* Exercise input:
- Opening Delimiter -

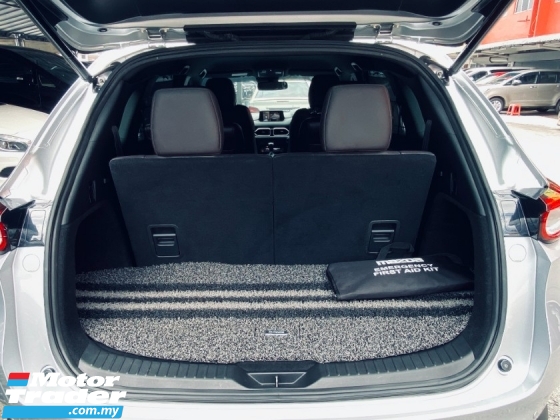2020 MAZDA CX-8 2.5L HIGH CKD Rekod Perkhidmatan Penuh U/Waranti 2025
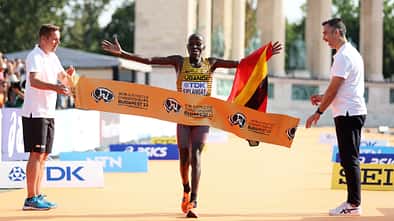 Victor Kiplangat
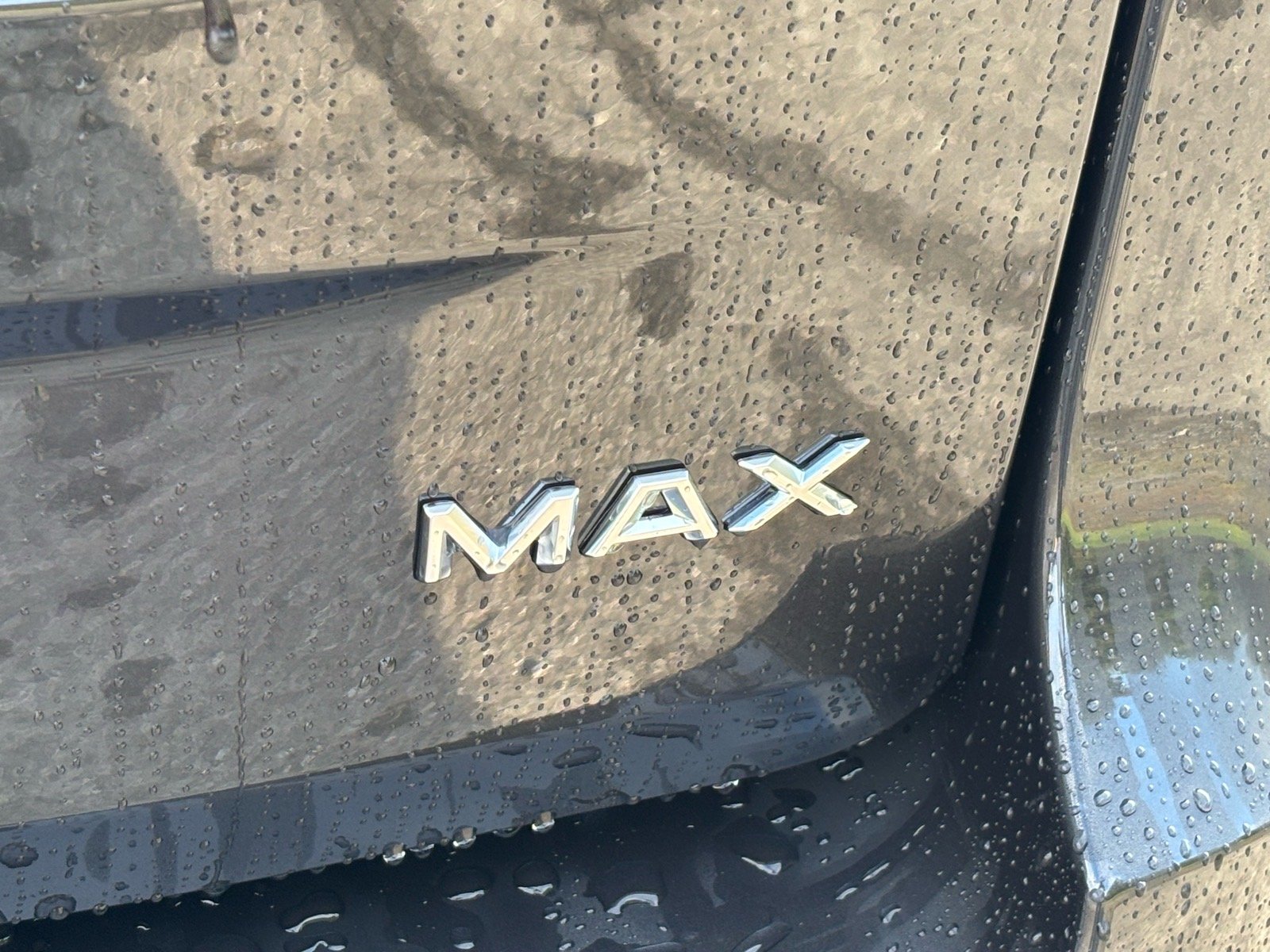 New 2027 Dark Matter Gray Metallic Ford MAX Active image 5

- Closing Delimiter -
- Opening Delimiter -

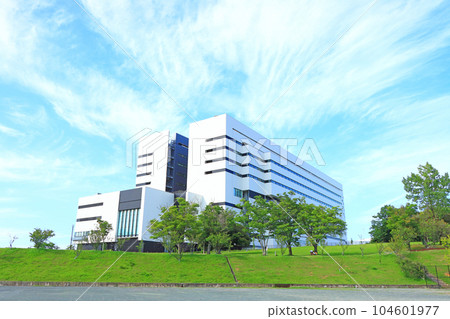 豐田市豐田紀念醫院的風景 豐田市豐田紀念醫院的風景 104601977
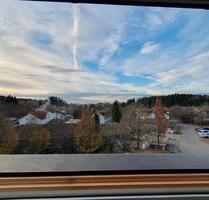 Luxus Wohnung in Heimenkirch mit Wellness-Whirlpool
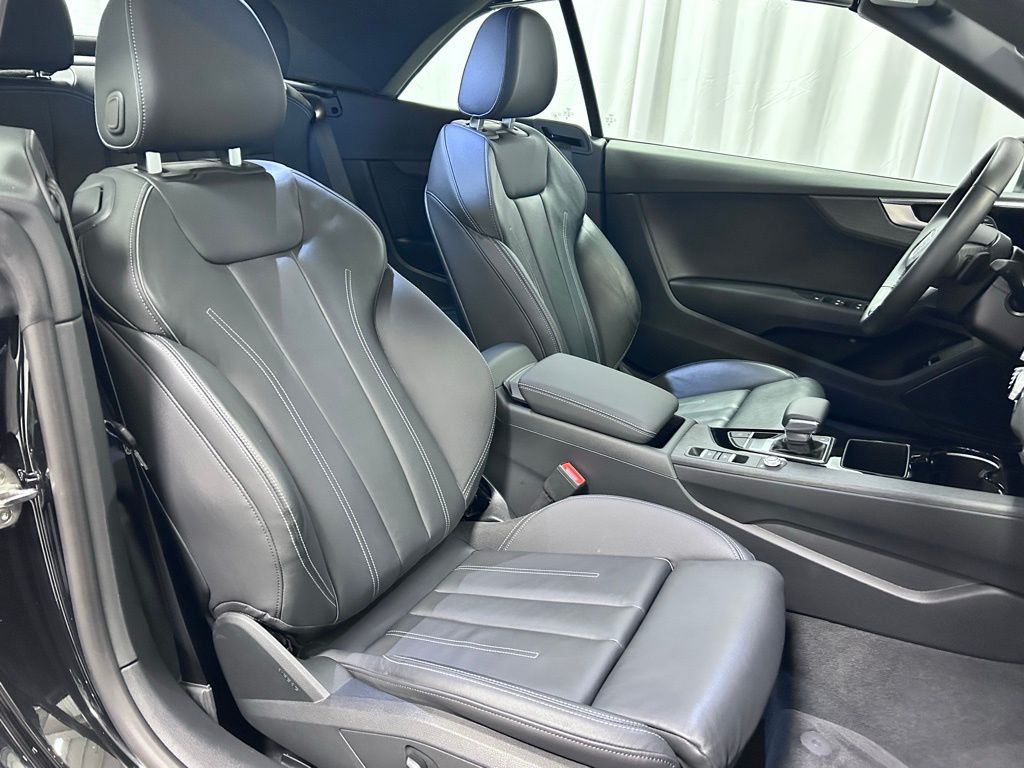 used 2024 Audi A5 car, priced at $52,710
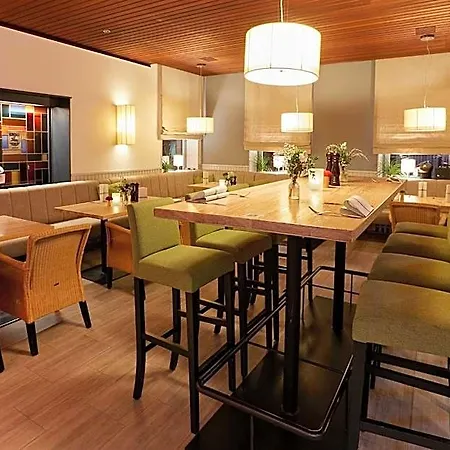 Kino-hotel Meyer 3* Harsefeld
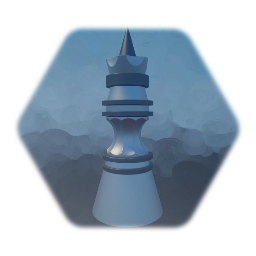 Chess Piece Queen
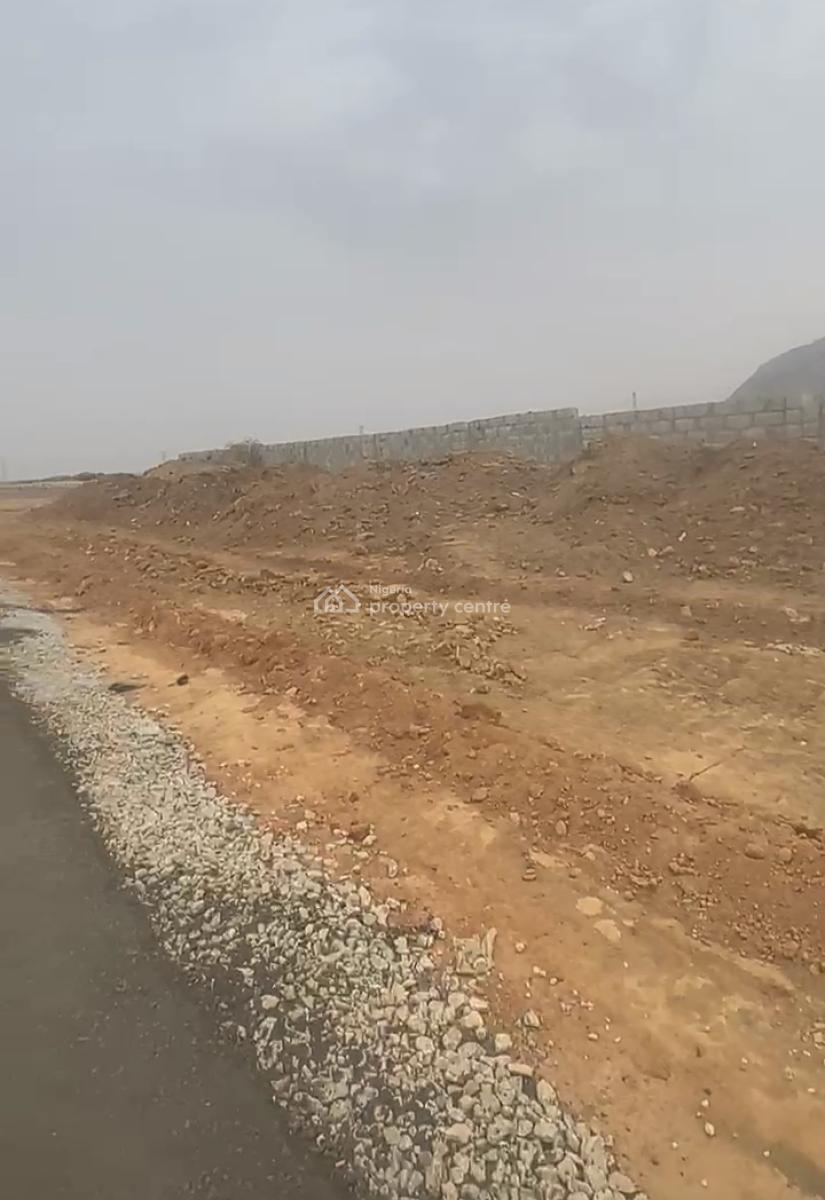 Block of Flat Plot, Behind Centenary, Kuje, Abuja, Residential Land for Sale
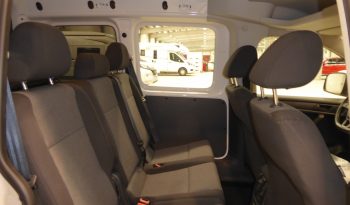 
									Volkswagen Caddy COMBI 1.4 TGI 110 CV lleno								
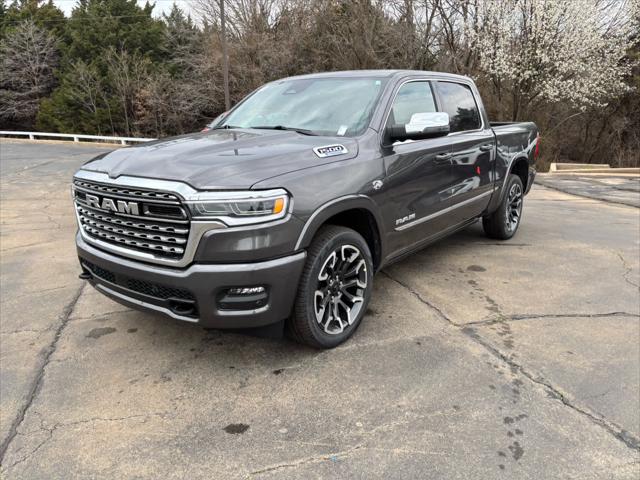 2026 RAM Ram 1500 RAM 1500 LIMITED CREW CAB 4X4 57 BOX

- Closing Delimiter -

* What to produce: Would you transcribe the lines above exactly, going from the line bearing "Kino-hotel Meyer 3* Harsefeld" through the line bearing "2026 RAM Ram", and drop the pictures from the copy?

* Written solution:
 Kino-hotel Meyer 3* Harsefeld
 Chess Piece Queen
 Block of Flat Plot, Behind Centenary, Kuje, Abuja, Residential Land for Sale
									Volkswagen Caddy COMBI 1.4 TGI 110 CV lleno								
 2026 RAM Ram 1500 RAM 1500 LIMITED CREW CAB 4X4 57 BOX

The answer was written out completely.